A spacetime without matter or energy is called a vacuum spacetime. There are flat vacuum spacetimes as well as vacuum spacetimes with curvature.

The reason for this is that, like most differential equations, different solutions can be obtained for different boundary conditions, even given the same sources.

So just like vacuum solutions for Maxwell’s equations include both no field solutions and plane wave solutions, similarly vacuum solutions in GR include flat spacetime, gravitational waves, and other curved spacetimes.

Answer 3

As noted in the comments to this answer, the world "vacuum" has more than one meaning throughout Physics. In this answer, I'm taking the word to mean, in layman's terms, "the absence of matter". In technical terms, I mean "the stress-energy tensor vanishes", which is the classical notion of vacuum in General Relativity. I'm also assuming the cosmological constant to be zero (I take it to be a form of matter), but non-vanishing cosmological constants are already covered on John Rennie's answer. Finally, as mentioned in the comments, this answer interpreted the question as "suppose our Universe never had any matter" instead of "suppose all matter in our Universe suddenly vanished", but I am keeping it up because I believe it still adds useful information to the post.

That being said, within General Relativity, the absence of matter does not imply spacetime to be flat. For example, gravitational waves are a phenomenon that travels in the absence of matter. While they can be generated by the gravitational influence of massive bodies, they travel through vacuum and are an excellent example of how there can be gravitational effects in vacuum. The reason being that the gravitational field is not created by matter, but rather only interacts with matter.

Let me now turn to your question on whether spacetime would be curved in the absence of matter. Firstly, this is not a good approximation to our Universe. Physics we know depends heavily on the fact that there is matter, so there really is no way of knowing how the Universe would be in the absence of matter. For example, even the type of matter we consider when modelling the Universe changes conclusions such as if there ever was a Big Bang. We know there as a Big Bang due to experimental data, but that data includes the fact that there is matter. In other words, it is not trivial (and perhaps not even possible) to consider the effects of how gravity would be in the absence of matter. Matter matters.

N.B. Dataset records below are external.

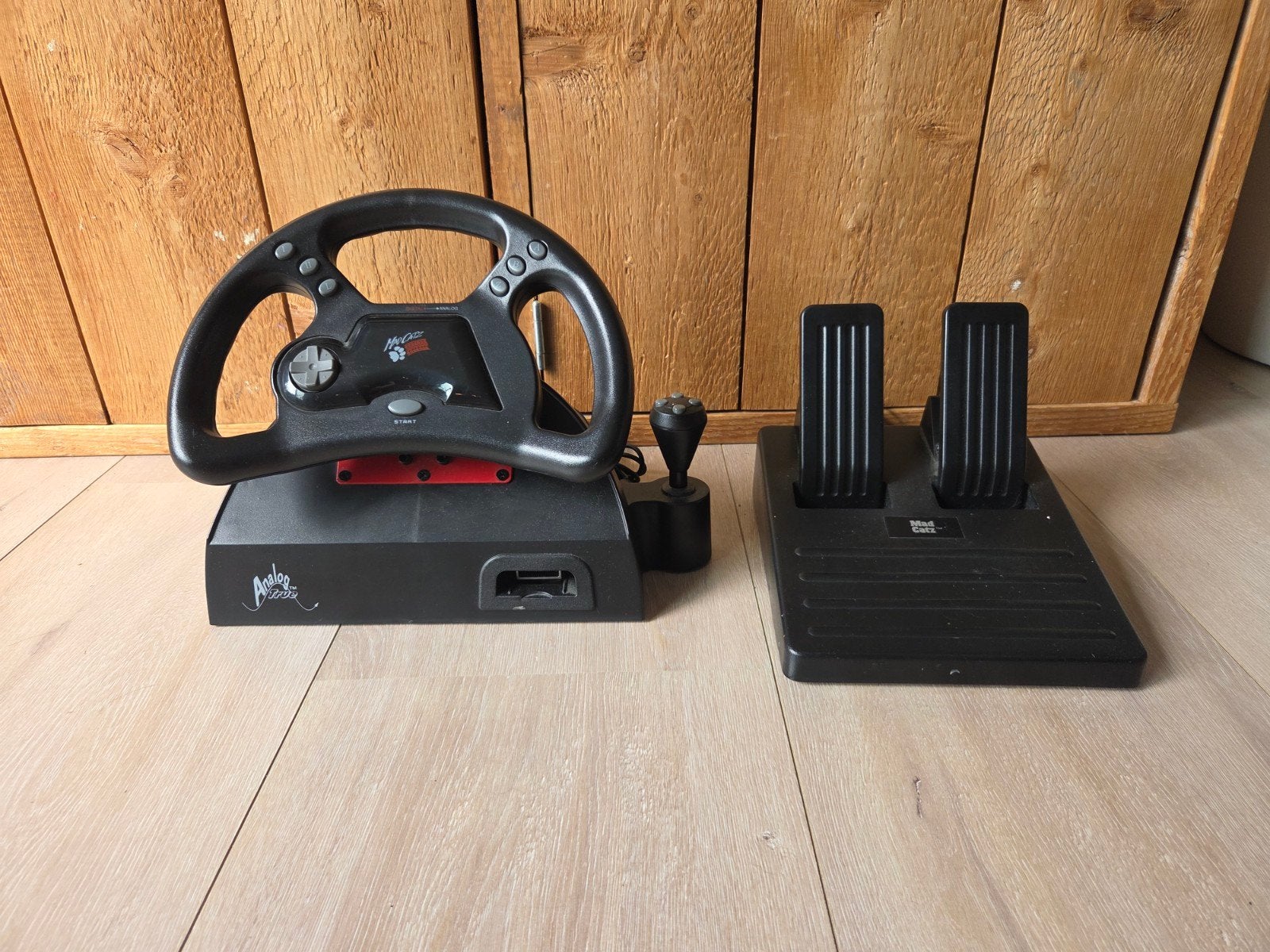 Nintendo 64 N64 Stuurwiel met Pedalen - Mad Catz, Spelcomputers en Games, Ophalen of Verzenden, Gebruikt, Nintendo 64, Stuurtje of Sportattribuut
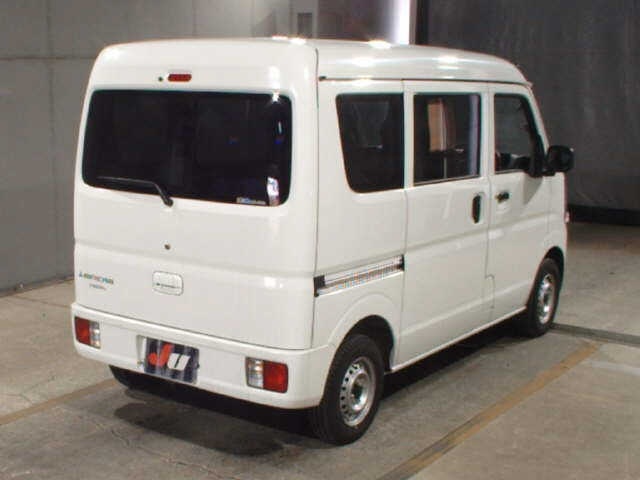 MITSUBISHI MINICAB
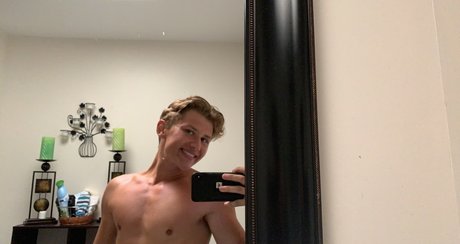 Nicky J modèle artistique galeries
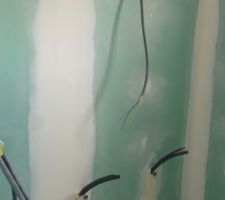 Fin de la premi&egrave;re journ&eacute;e de pon&ccedil;age. Vue salle de bain.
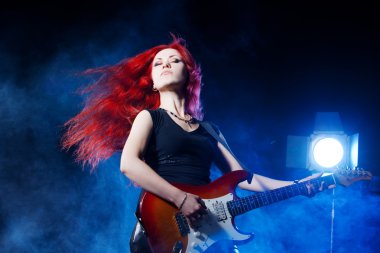 Kızıl saçlı kız gitarist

As for how can spacetime be not flat in vacuum regions, or even in the hypothetical situation of a matterless Universe, that is due to the fact that the gravitational field also interacts with itself. In layman terms (this should be read with care), the energy of the gravitational field also interacts with the gravitational field, making it even stronger, which makes it interact more, which makes it stronger, and so on and so forth. These effects are one of the reasons why gravity is more difficult to study than, for example, electromagnetism. If in the beginning of time in that hypothetical Universe the gravitational field was curved for whatever reason, it likely will remain curved, possibly in different ways. Whether it would be curved or why it would be curved we can't know, for we can't predict this sort of information. Notice that Physics relies on taking some assumptions and computing consequences from them. If you take out all matter, you took out all our data together and we have nearly none assumptions, so we can't give you many predictions.

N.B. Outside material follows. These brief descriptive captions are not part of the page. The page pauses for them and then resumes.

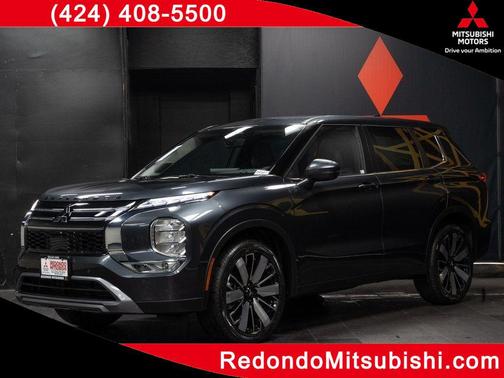 Graphite Gray 2026 Mitsubishi Outlander SE 1.5T 2WD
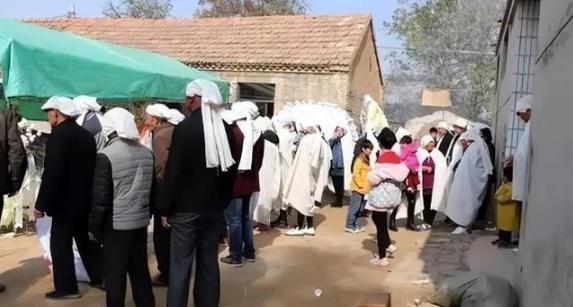 告诉大家一个重要消息，2026年3月30号起，全国要实行新的殡葬制度了。

你有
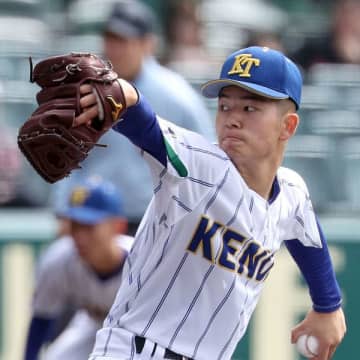 健大高崎・佐藤龍月 左肘手術から復活アピールも「1位指名は難しい」…スカウトの本音とは？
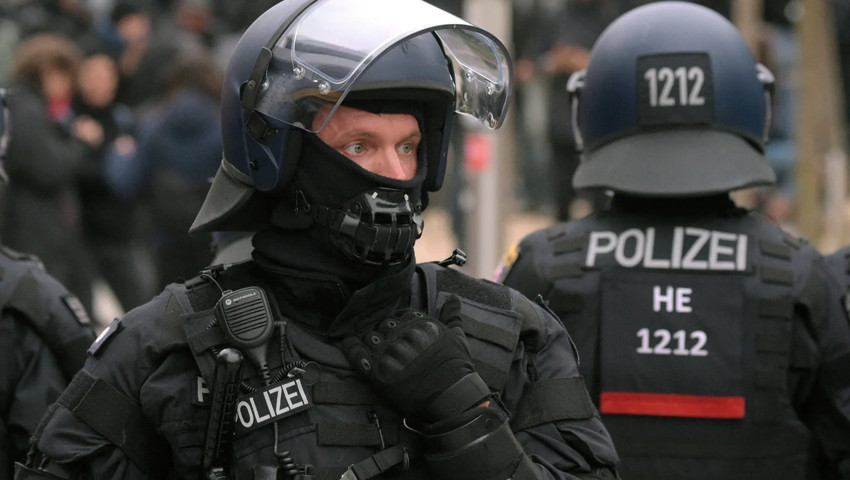 Almanya’da yılbaşı gecesi kabusu: Havai fişekler can aldı; 2 ölü var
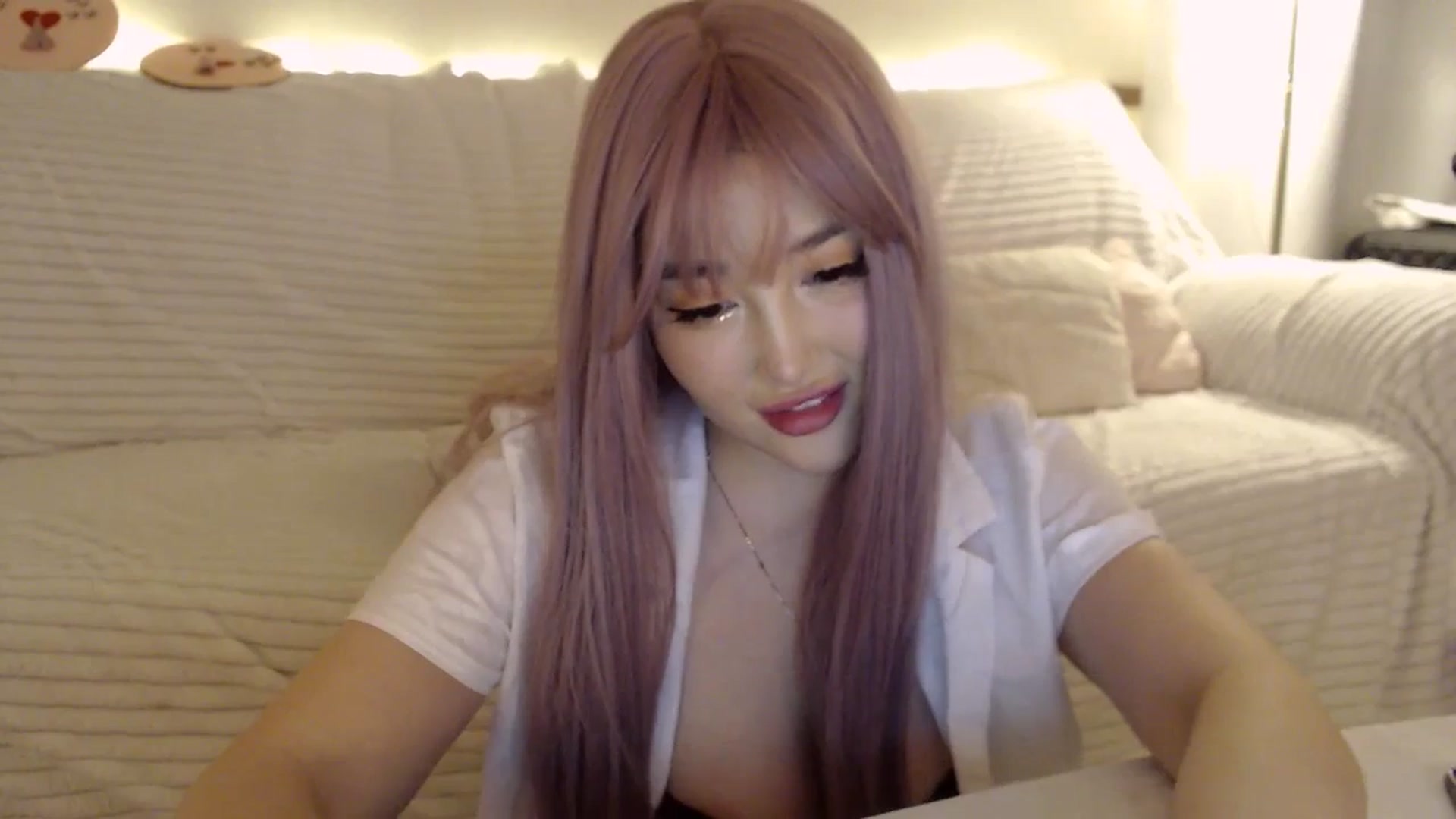 Gallery image thumbnail from kurakurai's myfreecams stream on, 01/02/2024, 13:26 image 15 of 20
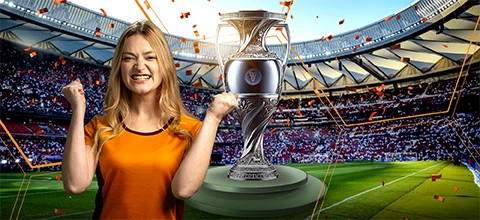 Jalkapallofani tuulettaa voittopokaalia jalkapallostadionilla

In summary, General Relativity allows spacetime to be curved in vacuum. That happens due to the fact that the gravitational field may interact with itself. On a vacuum Universe, if spacetime was ever curved, it would never be flat. If it were ever flat, it would remain flat. We can't really say anything about the "inherent curvature" of our Universe, for there is no way to consider how our Universe would be without matter. Matter matters.